Status of PlayFab services and history of incidents

Operational
Partial Outage
Major Outage

Potential Segmentation Service Degradation

Incident Report for PlayFab

Postmortem

On April 17th, 2024, between 1:49 PM and 10:15 PM UTC, some customers experienced delays and errors when using PlayFab's Gaming Insights service, which provides reports, trends, and segmentation features for game developers. The incident was caused by a storage outage in the West US 2 region that throttled two of our Kusto clusters.

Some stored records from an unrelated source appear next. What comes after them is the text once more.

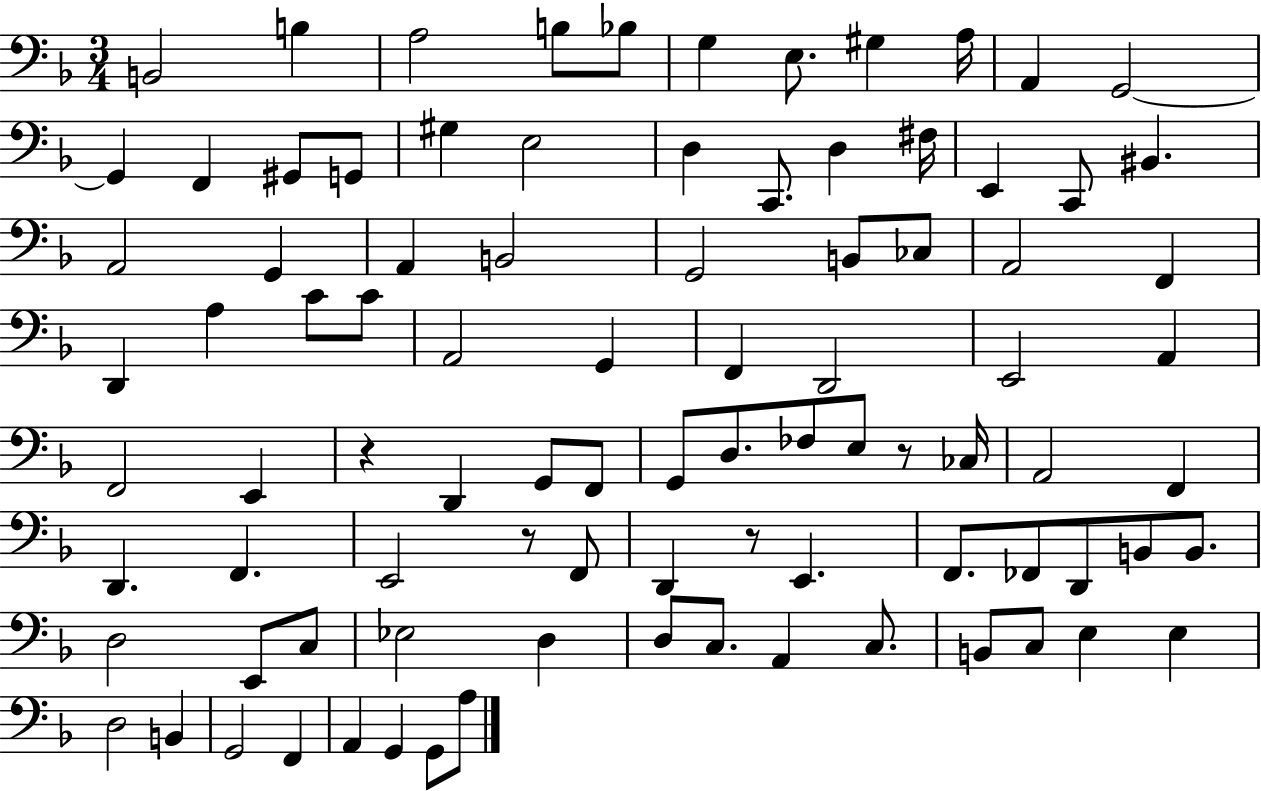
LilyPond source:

{
  \clef bass
  \numericTimeSignature
  \time 3/4
  \key f \major
  b,2 b4 | a2 b8 bes8 | g4 e8. gis4 a16 | a,4 g,2~~ | \break g,4 f,4 gis,8 g,8 | gis4 e2 | d4 c,8. d4 fis16 | e,4 c,8 bis,4. | \break a,2 g,4 | a,4 b,2 | g,2 b,8 ces8 | a,2 f,4 | \break d,4 a4 c'8 c'8 | a,2 g,4 | f,4 d,2 | e,2 a,4 | \break f,2 e,4 | r4 d,4 g,8 f,8 | g,8 d8. fes8 e8 r8 ces16 | a,2 f,4 | \break d,4. f,4. | e,2 r8 f,8 | d,4 r8 e,4. | f,8. fes,8 d,8 b,8 b,8. | \break d2 e,8 c8 | ees2 d4 | d8 c8. a,4 c8. | b,8 c8 e4 e4 | \break d2 b,4 | g,2 f,4 | a,4 g,4 g,8 a8 | \bar "|."
}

We resolved the issue by scaling up the clusters while the storage outage was ongoing. 

Action Items 

To prevent similar incidents from happening again, we have taken the following actions: 

  • We turned on the monitoring and alerting for the Kusto clusters, which was previously disabled. 
  • We changed the autoscaling rules for both clusters to be more reactive to changes in CPU and cache utilization. 
  • We improved our communication with the Kusto team and subscribed to their outage notifications.
Posted May 08, 2024 - 10:45 PDT

Resolved

This incident has been resolved.
Posted Apr 18, 2024 - 11:04 PDT

Update

We are continuing to monitor for any further issues.
Posted Apr 18, 2024 - 08:11 PDT

Update

We are continuing to monitor for any further issues.
Posted Apr 17, 2024 - 21:41 PDT

Update

We are seeing minor delays in data processing, which may affect the performance of segmentation-related features and APIs.
Posted Apr 17, 2024 - 21:41 PDT

Monitoring

We're currently monitoring service degradation that could affect segmentation, potentially causing delays in data processing and impacting the performance or functionality of segmentation-related features.
Posted Apr 17, 2024 - 20:51 PDT
This incident affected: Analytics (Trends, Reports, Dashboard) and API (Data).